Last week, we published our detailed tech review of Death Stranding, focusing on the PlayStation 4 Pro version of the game. It’s fair to say that in terms of its technological achievements, this is indeed a defining benchmark for the current wave of console hardware – but at the tail-end of the generation, the base PS4 hardware has been pushed hard by many developers. Perhaps too hard. The question is, how does Death Stranding on the standard PlayStation 4 hold up?
We can put yours mind at rest. Based on the code we’ve had in our hands for a few weeks now, the answer is remarkably straightforward. Similar to its Decima Engine stablemate, Horizon Zero Dawn, the Kojima Productions debut offers a remarkable level of parity between base and enhanced consoles. The main factor of differentiation is indeed the native rendering resolution. There are few surprises here: Death Stranding operates at 1080p on the vanilla PS4, rising to a checkerboarded 2160p on the Pro.
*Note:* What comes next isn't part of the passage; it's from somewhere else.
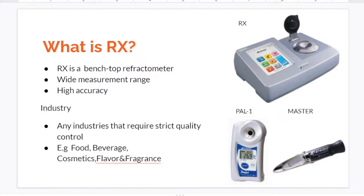Rx can be used in any industries, from food and beverage industry to cosmetics and flavor and fragrance industries.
Everything else about the game’s visual make-up is a lock between both systems, meaning that the entire Death Stranding experience is effectively feature-complete on vanilla hardware. Or to put it another way: everything we enjoyed about the game in our initial coverage applies equally across the PlayStation 4 family of consoles – and that extends to performance as well, where the latest patch 1.04 actually serves to improve the minor frame-rate dips we saw on the Pro during initial testing. By and large, both versions of the game run at 30 frames per second and where there are some dips, they seem to play out in much the same way. In fact, in very, very limited scenes, you may even see the standard PS4 marginally outperform the Pro.